以下、本発明の実施の形態について、図面を参照しながら具体的に説明する。本発明は以下の実施の形態に限定されるものではなく、本発明の趣旨を逸脱しない範囲で、当業者の通常の知識に基づいて、以下の実施の形態に対し適宜変更、改良等が加えられたものも本発明の範囲に入ることが理解されるべきである。
(1)排熱回収器:
本発明の排熱回収器は、排気系に設けられた排気分配部と、排気分配部を挟んで排気系の上流側及び下流側に設けられた2つの排気分岐部と、2つの排気分岐部に連結するように配設された熱交換部と、を備えたものである。本発明の排熱回収器は、内燃機関の排気通路(以下、「排気系」ともいう)に設置し、排気通路を通過する排気ガスの排気熱を回収するために用いられる。排熱回収器においては、排気ガスとの熱交換による排熱を回収するための熱交換媒体が用いられる。例えば、排熱回収器が、自動車に搭載されて用いられる場合には、熱交換媒体として、水や不凍液(JIS K 2234で規定されるLLC)などを用いることができる。
排気分配部は、排気系の通気抵抗を変更し、排気分岐部を流れる排気ガスの排気量を可変して、熱交換部における熱回収量を調整する、排気分配機構を有する。この排気分配機構は、排気熱の回収を抑制したい場合の、排気ガスの経路のバイパスに設けられている。以下、排気分配部が設けられる排気ガスの経路(別言すれば、上記バイパス)を、「バイパス流路」ということがある。
排気分岐部は、排気分配部を挟んで排気系の上流側及び下流側に2つ設けられており、1つの排気分岐部が、熱交換部に排気ガスを流入させるための流入口となり、もう1つの排気分岐部が、熱交換部により熱回収を行った排気ガスを排気系に戻すための流出口となる。

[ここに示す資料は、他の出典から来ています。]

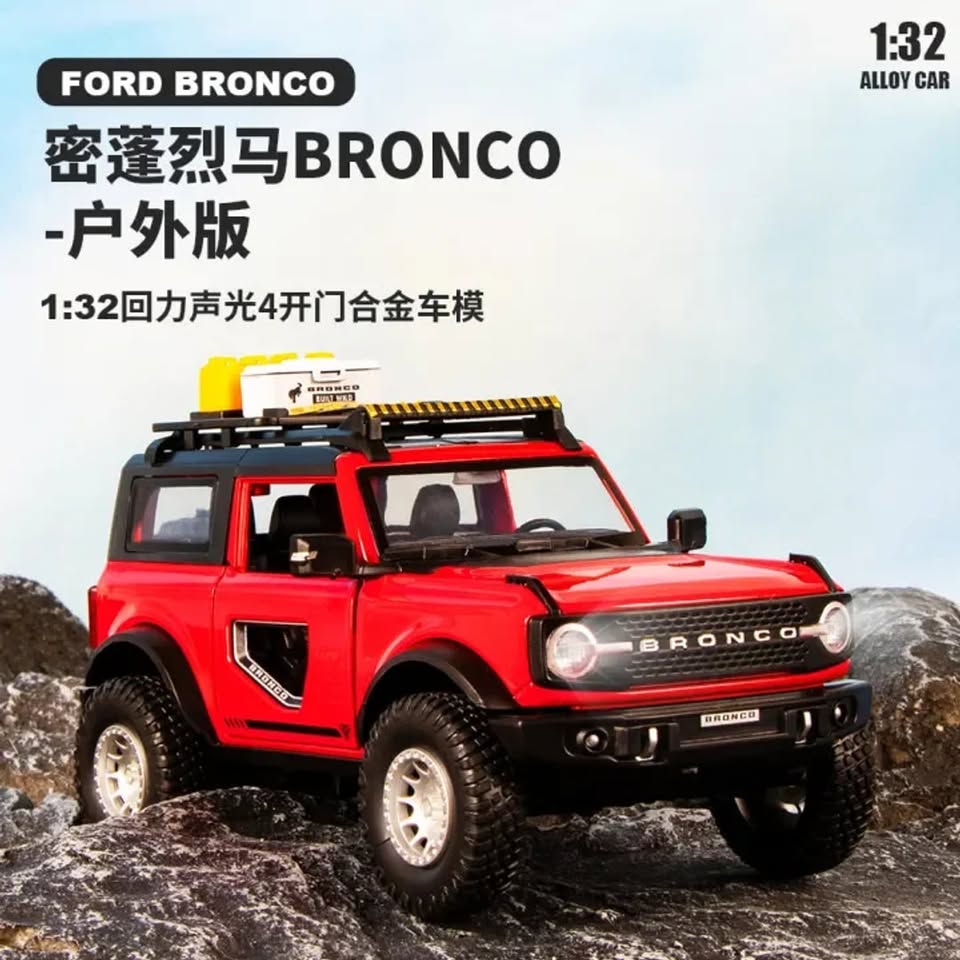 1:32 Diecast Ford Bronco Lima Model With Miniature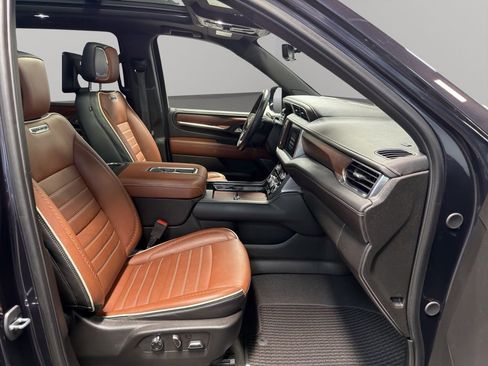 Used 2023 GMC Yukon XL Denali Ultimate image 22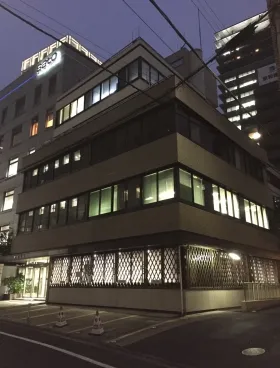 東部ビルの外観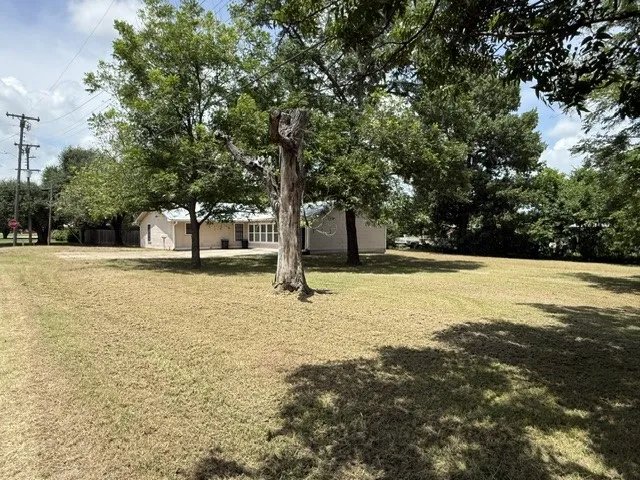 Single Family Residence For Sale in Delta County , 131 SE 7th Street, Cooper, Texas 75432, 3 Bedroom, 2 Bathroom, Garage spaces, 1,665 Sqft, built in 1989, mls#21339478, Real Estate Agent in Cooper, Homes For Sale in Delta county, Homes For Sale in Cooper, Realtor in Cooper Texas, Real Estate Brokerage Independent Realty Texas, Luminita Cordes Realtor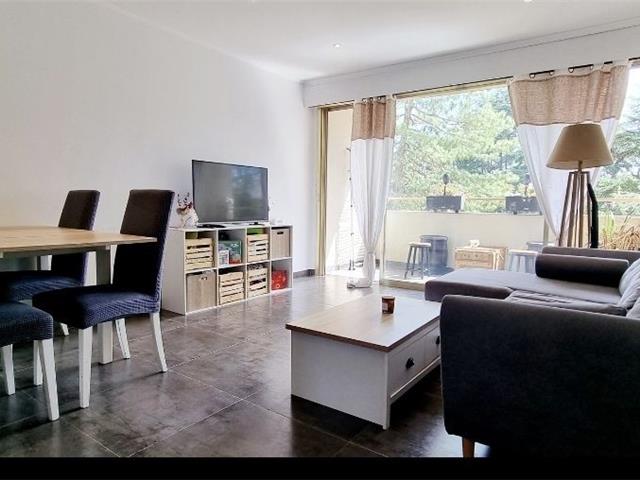 Vente  Appartement T3  de 67 m² à Fréjus 210 000 euros Réf: SFN-1371188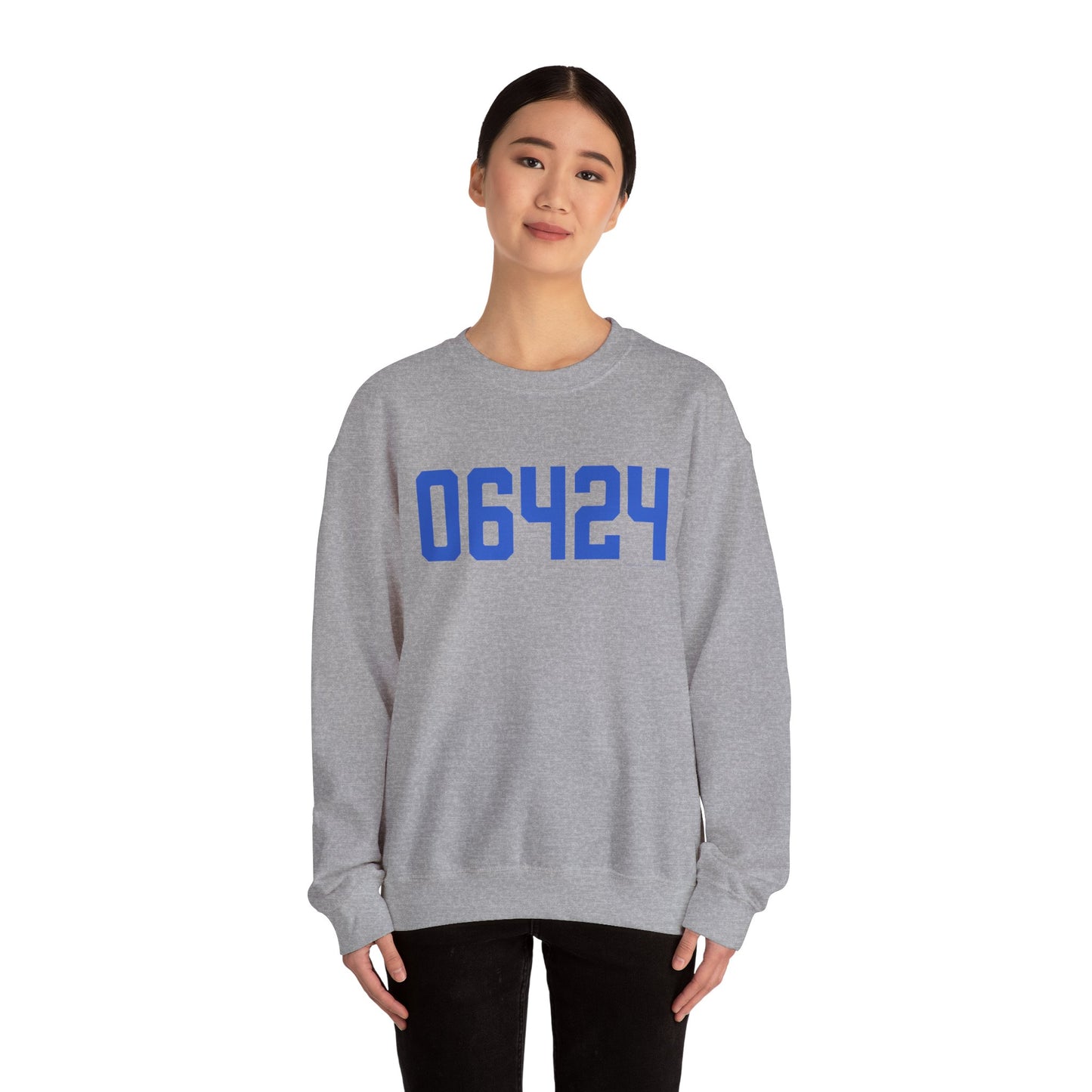 06464 East Hampton Connecticut Zip Code Unisex Heavy Blend™ Crewneck Sweatshirt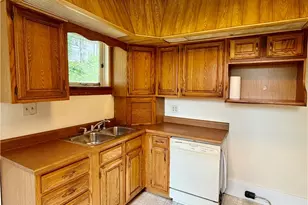 450 E Pearl St, Butler, PA 16001 - Photo 16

熱交換部は、第一端面及び第二端面を有し、第一端面から第二端面に向かう軸方向の中央部分が空洞の中空柱状のハニカム体と、このハニカム体を収容するケーシングと、を有する。ハニカム体は、隔壁を有し、この隔壁によって、第一端面から第二端面まで延びる、排気ガスの流路となる複数のセルが区画形成されたものである。
熱交換部のケーシングは、ハニカム体の外周を覆うように配置された第一ケーシングと、第一ケーシングの外周に配置された第二ケーシングと、を有する。このケーシングは、第一ケーシングと第二ケーシングとの間に、排気ガスとの熱交換による排熱を回収するための熱交換媒体の経路が形成されたものである。そして、熱交換部は、ハニカム体の複数のセルによって形成された流路と、2つの排気分岐部のうちの一方の排気分岐部とが連通し、且つ、ハニカム体に形成された空洞と、2つの排気分岐部のうちのもう一方の排気分岐部とが連通するように配設されている。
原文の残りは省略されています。